In a follow up to my question regarding fitting network models to exhibit realistic spontaneous mean firing rates, I tried to implement an optimization loop similar to what @mstimberg proposed in my other post, using the differential evolution algorithm in scipy. The code runs well for the case when the ‘workers’ parameter is set to 1, so that it only uses 1 core. However, this results in very long computation times for any optimization procedure and I would like to increase the number of workers utilized by the differential_evolution function. I tried to increase the number of workers (setting it to 3, 5 and -1) and the code starts running and I see the prints corresponding to each core. So, for example if I set the workers=3, essentially I see what I’m printing for a single run x 3, hence I can see that the optimization function is working. However, after some time, the process really slows down and stops running. (I believe) This is because I have not managed to implement a correct parallelization process in Brian2.

Minimal code to reproduce problem

My script is part of a larger repository and it uses another script to construct the network , as well as various files for the neuron models I’m using. Essentially, the network represents a 17-population cortical patch, with recurrent connections between populations, as well as connections from background Poisson Groups with a particular firing rate (17 background rates). Each of these Poisson Groups targets a particular population with a certain synaptic weight, which I am trying to fit in order to obtain experimentally relevant spontaneous mean firing rates across the 17 populations.

I cannot post all my code, so it will not be enough to reproduce the problem, but I believe it illustrates the problem I am trying to solve. In essence, I have to be able to make the optimization loop work across multiple cores so that I can run the procedure faster (and also to be able to run it on a cluster). There are some irrelevant lines of code for this context, but please let me know if I can provide any additional details.

from brian2 import *
import network_main
from network_parameters import net_dict
from utils.utils import save_config, create_run_folder, setup_loggers
import csv
import pandas as pd
from collections import defaultdict
import hydra
from omegaconf import DictConfig
from omegaconf import OmegaConf
import os
import logging
from scipy.optimize import differential_evolution
prefs.codegen.target = 'numpy'
defaultclock.dt = 0.1*ms # Time resolution of the simulation
np.random.seed(net_dict['Seed']) 

# Target firing rates in Hz
target_rates = [0.18, 0.27, 3.10, 3.63, 7.97, 1.06, 3.89, 1.89, 0.85, 2.22, 4.58, 3.78, 6.50, 0.93, 4.61, 6.30, 2.90]
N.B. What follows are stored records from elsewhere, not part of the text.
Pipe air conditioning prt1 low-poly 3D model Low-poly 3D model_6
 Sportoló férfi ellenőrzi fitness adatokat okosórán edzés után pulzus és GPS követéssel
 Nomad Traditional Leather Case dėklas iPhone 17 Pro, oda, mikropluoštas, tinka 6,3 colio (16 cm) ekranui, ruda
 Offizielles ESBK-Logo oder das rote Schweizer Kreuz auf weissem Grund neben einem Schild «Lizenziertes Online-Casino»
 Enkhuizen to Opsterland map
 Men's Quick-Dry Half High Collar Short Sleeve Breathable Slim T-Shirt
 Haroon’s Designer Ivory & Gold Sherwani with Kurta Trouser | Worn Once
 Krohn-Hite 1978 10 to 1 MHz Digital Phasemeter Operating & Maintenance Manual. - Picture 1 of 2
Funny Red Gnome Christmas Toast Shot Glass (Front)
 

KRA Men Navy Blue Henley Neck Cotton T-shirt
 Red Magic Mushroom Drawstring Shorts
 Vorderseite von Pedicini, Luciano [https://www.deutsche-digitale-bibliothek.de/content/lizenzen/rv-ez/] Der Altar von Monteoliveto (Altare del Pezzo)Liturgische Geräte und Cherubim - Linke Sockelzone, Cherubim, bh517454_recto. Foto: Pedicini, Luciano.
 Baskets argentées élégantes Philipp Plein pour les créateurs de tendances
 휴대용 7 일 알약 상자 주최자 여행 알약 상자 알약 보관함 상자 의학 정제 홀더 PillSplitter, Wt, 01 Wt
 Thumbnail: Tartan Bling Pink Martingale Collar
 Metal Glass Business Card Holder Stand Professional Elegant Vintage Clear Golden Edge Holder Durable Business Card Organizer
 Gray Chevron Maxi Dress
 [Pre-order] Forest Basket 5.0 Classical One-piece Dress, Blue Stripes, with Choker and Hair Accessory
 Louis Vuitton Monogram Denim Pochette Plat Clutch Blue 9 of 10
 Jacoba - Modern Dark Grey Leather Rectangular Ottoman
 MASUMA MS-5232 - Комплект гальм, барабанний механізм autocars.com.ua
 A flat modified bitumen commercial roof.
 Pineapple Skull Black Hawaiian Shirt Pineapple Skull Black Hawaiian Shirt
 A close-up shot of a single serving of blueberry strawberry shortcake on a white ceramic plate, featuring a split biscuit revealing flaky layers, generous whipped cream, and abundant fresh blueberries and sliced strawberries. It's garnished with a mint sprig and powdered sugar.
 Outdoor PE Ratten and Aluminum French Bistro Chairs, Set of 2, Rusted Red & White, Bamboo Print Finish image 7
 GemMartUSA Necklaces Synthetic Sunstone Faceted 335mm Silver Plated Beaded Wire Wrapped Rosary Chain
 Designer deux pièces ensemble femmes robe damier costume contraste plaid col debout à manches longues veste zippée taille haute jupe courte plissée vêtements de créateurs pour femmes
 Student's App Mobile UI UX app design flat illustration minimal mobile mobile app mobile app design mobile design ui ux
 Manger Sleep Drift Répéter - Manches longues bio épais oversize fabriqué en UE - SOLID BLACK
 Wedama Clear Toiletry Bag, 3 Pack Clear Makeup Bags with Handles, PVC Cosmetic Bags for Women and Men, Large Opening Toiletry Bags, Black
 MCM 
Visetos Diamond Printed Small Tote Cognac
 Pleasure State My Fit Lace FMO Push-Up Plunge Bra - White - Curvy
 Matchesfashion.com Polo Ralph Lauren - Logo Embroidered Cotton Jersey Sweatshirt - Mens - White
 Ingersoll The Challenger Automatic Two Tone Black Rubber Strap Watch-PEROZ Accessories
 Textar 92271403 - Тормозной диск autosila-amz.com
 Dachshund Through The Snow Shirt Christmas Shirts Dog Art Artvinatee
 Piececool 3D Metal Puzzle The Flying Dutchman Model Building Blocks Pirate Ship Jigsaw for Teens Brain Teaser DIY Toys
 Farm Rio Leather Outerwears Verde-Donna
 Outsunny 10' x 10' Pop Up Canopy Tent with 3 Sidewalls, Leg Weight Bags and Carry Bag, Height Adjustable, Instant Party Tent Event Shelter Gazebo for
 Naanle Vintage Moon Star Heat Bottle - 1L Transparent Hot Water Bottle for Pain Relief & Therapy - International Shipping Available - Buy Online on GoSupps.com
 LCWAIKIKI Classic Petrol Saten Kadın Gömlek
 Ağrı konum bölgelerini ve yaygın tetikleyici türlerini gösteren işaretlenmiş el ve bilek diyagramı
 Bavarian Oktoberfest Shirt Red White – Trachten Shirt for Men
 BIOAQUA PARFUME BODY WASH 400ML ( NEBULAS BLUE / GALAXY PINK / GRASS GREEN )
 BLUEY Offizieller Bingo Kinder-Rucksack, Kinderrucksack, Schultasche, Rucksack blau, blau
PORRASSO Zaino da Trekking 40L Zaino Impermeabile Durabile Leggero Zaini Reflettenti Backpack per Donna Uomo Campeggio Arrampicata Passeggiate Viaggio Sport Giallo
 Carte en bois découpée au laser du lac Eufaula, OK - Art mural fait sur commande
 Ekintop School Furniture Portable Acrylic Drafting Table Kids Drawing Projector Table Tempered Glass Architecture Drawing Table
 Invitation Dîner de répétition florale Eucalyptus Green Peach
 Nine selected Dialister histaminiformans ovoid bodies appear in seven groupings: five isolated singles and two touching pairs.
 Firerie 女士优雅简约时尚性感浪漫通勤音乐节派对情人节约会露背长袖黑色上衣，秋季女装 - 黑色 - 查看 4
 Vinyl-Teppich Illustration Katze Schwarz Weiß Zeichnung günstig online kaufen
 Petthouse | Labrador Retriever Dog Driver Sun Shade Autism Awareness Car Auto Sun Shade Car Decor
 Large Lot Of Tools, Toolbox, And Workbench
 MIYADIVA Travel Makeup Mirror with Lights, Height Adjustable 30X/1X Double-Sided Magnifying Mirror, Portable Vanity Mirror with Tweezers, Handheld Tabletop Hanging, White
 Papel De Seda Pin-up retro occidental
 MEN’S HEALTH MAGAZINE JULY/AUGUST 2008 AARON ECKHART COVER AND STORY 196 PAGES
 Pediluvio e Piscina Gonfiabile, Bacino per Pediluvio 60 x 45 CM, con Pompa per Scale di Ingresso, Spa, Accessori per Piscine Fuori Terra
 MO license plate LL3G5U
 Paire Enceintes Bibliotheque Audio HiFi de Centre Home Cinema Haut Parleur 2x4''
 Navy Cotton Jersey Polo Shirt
def evaluate_network(background_weights, target_rates, network, cfg, metrics_dir, t_sim, log):
    # Scale the integer weights back to (0.1, 0.2, ..., 1.5)
    background_weights = [round(w) / 10 for w in background_weights]
    log.info(f"Rounded background weights: {background_weights}")
    net = network
    net.create(background_weights) # Instantiating the network with 17 populations, as well as the Poisson Groups responsible for 'background' stimulation
    net.connect(cfg) # Setting up recurrent connections and connections from background to each population
    net.simulate(t_sim) # Simulating activity in spontaneous conditions, default 500ms
    mean_rates = net.firing_rates(t_sim, metrics_dir) # Returns list with average firing rates across the 17 populations
    log.info(mean_rates)
    # Mean squared error between target and actual rates
    return np.mean((np.array(mean_rates) - np.array(target_rates))**2)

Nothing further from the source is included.